Some other 2ac advice for novices debating in front of lay judges in policy debate

What are the main arguments you need to answer?
What arguments will your opponents be running?

Focus on cross application with explanation & offense & try to put at least one try or die claim on each disad.

I think with lay judges you should have a decent amount of defense…especially in terms of empirically transportation policy hasn’t caused this harm ever before.
Thats not quite the way you want to frame it.


The argument in the 2ac would be something like:
Non-unique–X, Y, and Z.
Empirically denied. X, Y, and Z. History is on our side.

I was just saying that you want to probably go deeper….particularly in speeches after the 2ac….you can extend either one BOTH.

You also want to make comparisons between how small your aff is when compared with your non-uniques or empirically denied.
They were big…..they didn’t cause it. We are small…..we would be even less likely to solve it. Functionally making it a zero risk situation.

Given your affirmative….there are also a number of underview arguments you can run (about risk by rescher & the value of rights as trumps & intervening actors by gewirth, there are also some Black Swan risk cards as well, rule utilitarianism favors rights, etc…).

Are you reading dehumanization?????

Theoretically….the only way they should be able to beat you with a disadvantage… if they also have either
1) viable case turns that really turn the entirety of the case
2) a counterplan that solves most of the case–that also avoids the disad.

Disads most of the time are relatively low risk in general. They are mostly contrived.

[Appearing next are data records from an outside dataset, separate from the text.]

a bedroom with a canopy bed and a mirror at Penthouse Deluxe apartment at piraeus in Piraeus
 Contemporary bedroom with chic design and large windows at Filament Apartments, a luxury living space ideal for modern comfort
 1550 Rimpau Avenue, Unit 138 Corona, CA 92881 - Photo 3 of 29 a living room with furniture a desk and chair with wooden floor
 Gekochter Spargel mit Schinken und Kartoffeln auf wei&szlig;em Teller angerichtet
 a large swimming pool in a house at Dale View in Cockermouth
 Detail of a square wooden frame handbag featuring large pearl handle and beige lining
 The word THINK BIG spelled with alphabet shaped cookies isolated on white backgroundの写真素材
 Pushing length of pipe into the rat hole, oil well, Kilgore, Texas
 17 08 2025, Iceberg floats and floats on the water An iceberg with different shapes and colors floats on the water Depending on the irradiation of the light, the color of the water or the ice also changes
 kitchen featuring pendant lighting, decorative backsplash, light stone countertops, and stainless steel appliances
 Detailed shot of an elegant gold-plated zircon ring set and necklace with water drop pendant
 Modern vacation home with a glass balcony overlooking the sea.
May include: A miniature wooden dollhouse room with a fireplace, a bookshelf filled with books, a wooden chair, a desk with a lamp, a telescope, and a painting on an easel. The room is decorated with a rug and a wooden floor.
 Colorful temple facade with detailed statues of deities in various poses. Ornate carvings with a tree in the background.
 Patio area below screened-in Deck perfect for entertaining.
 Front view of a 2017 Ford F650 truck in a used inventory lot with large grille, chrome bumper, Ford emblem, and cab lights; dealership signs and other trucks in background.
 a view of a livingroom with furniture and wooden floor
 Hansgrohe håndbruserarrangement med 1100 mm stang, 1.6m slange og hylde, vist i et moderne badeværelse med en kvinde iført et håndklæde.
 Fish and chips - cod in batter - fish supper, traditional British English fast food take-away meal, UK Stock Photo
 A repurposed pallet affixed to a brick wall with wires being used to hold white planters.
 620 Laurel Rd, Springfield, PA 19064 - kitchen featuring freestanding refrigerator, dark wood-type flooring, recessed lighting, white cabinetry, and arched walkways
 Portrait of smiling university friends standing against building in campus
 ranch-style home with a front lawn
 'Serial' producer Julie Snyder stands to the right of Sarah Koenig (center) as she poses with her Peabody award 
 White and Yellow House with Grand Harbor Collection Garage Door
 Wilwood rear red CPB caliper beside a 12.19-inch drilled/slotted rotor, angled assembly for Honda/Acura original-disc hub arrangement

If you have a little time in cross ex….say 30 seconds….you can point these out in the cross ex of the 2nc. Inevitably….they won’t be able to answer it unless they have a really compelling “now is the key time” story. Generally the only disad that does this is politics.

One more thing…..
a) we solve the disad (either cross apply 1ac evidence, make an argument, or read evidence).
b] add-on advantage (usually 2 pieces of evidence is best, and usually a bit on the short side). This can often be a way that you can win, even if they are putting lots of pressure on solvency (it depends on how the add-on is accessed…..)
are key. Especially as a way to take out the net benefit to a counterplan (the net benefit is the disad or two that doesn’t link).

These 2 are your saving grace and put tons of pressure on the negative block.